The IRS’s budget for fiscal 2015 is set at $10.9 billion, which Koskinen says amounts to a $600 million cut when counting employee raises and other mandated costs. The IRS chief also likes to point out the agency budget has been dropping since well before the Tea Party controversy — down more than $1 billion since 2010, and now at its lowest figure since 2008.
That latest funding decrease also comes as the agency is taking on more responsibilities, including a new role in enforcing the Affordable Care Act and implementing a law cracking down on offshore tax cheats.
On top of a potential shutdown, Koskinen also said Tuesday that the agency will have to hold off on $200 million worth of IT improvements, cut enforcement procedures by $160 million, slash spending on overtime and temporary staff by $160 million and continue a hiring freeze through the current fiscal year.
The delays to infrastructure spending means the IRS won’t be able to implement new protections against identity theft, and that the agency’s current aging systems will continue to cause delays for taxpayers and staffers alike, Koskinen said. The IRS chief has said throughout his yearlong tenure that the agency’s IT systems are stuck in the 20th century.
“During this process, we tried to protect critical areas as much as we could,” Koskinen insisted.
“We will still work to deliver as smooth a filing season as possible. We will maintain IT systems critical to the filing season and tax enforcement. This commitment also includes providing appropriate training and technology support for you and your colleagues to help you do your job.”
Koskinen added that the cuts to enforcement — the loss of about 1,800 staffers and some 46,000 fewer audit closures for businesses and individuals — will amount to $2 billion in uncollected revenue, at a time when lawmakers are still searching for ways to cut into the deficit.
In all, the IRS will be unable to replace about 3,000 to 4,000 new employees, putting the agency down between 16,000 and 17,000 staffers since 2010.
Taxpayers, meanwhile, could have to wait an extra week or even longer to get their refund if they filed by paper. Fewer than half the taxpayers who try to call the IRS might get an answer, Koskinen said, after saying last month that a phone call was a 50-50 proposition.
Still, Koskinen can expect little sympathy from GOP lawmakers, who have accused the agency of showing blatant disregard for taxpayer dollars, and have called the latest round of cuts among their favorite parts of last year’s spending deal.
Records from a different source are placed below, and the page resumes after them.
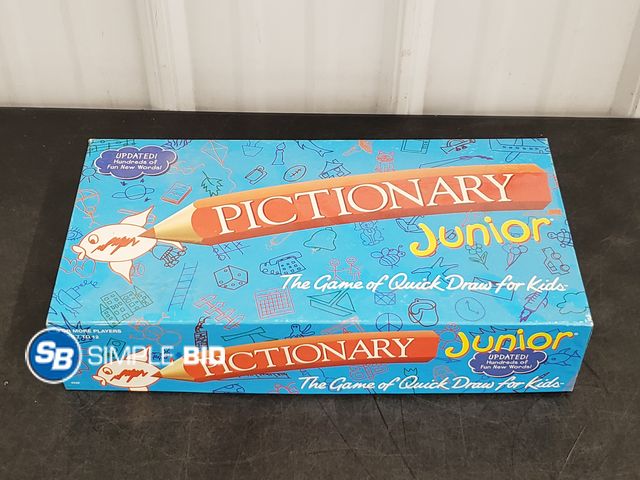 Lot 58-75161 - Pictionary Junior Game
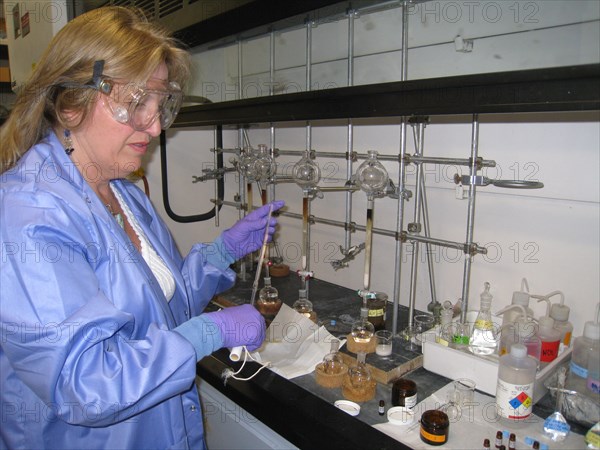 Deepwater Horizon Oil Spill - Samples Undergo Liquid Chromatograph Column Analysis ca. May 2010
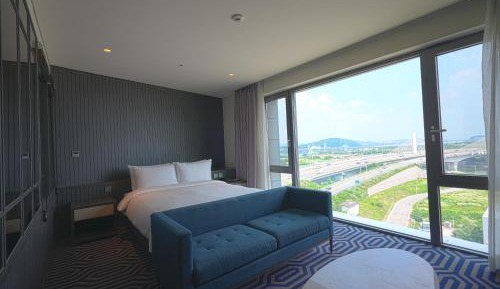 Premier Suite with River View (Complimentary Pool Access for 2)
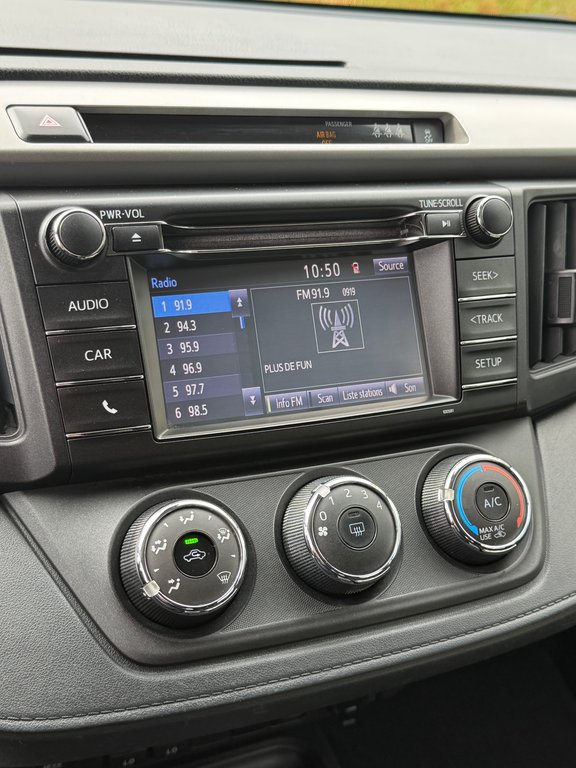 2018 Toyota RAV4 LE,CAMÉRA DE RECUL,BANC CHAUFFANT in Saint-Jérôme, Quebec - 17 - w1024h768px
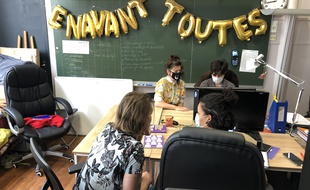 Une partie de l'équipe d'En Avant toutes en plein travail.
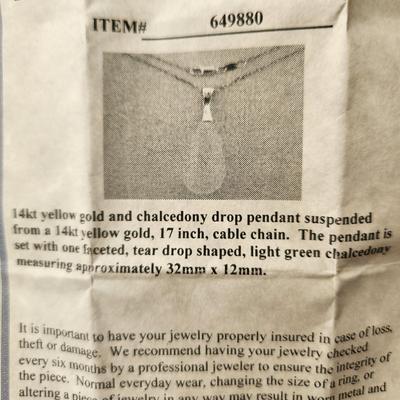 14kt Yellow Gold & Chalcedony Drop Pendant w 14Kt Gold 17" Chain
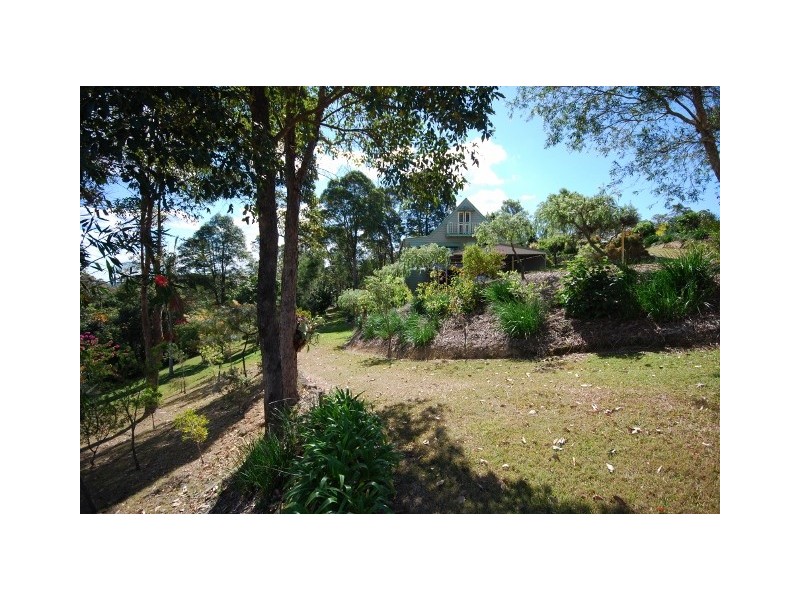 5 Falcon Crescent, Cooroy QLD 4563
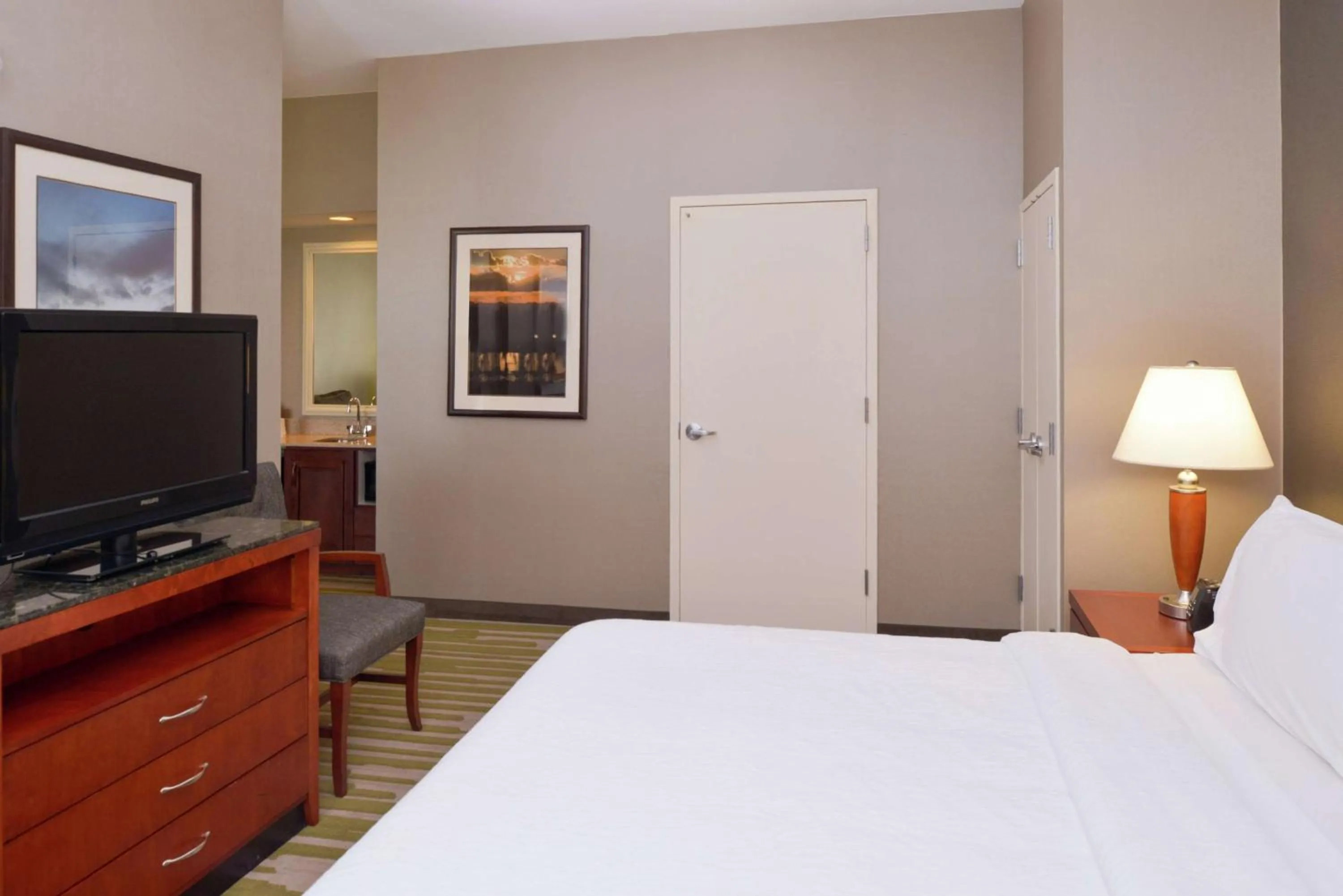 Bedroom, Bed in Hilton Garden Inn Yuma Pivot Point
Colleen Kelley, the president of the NTEU, blasted Congress for the budget cuts in a Tuesday statement, but also suggested the union wouldn’t easily agree to potential furlough days for employees.
“I have urged the IRS not to make any decisions on furlough days this early in the fiscal year and to work with us to find other alternatives,” Kelley said. “Hard-working, committed IRS workers and their families should not be expected to bear the brunt of this budget shortfall.”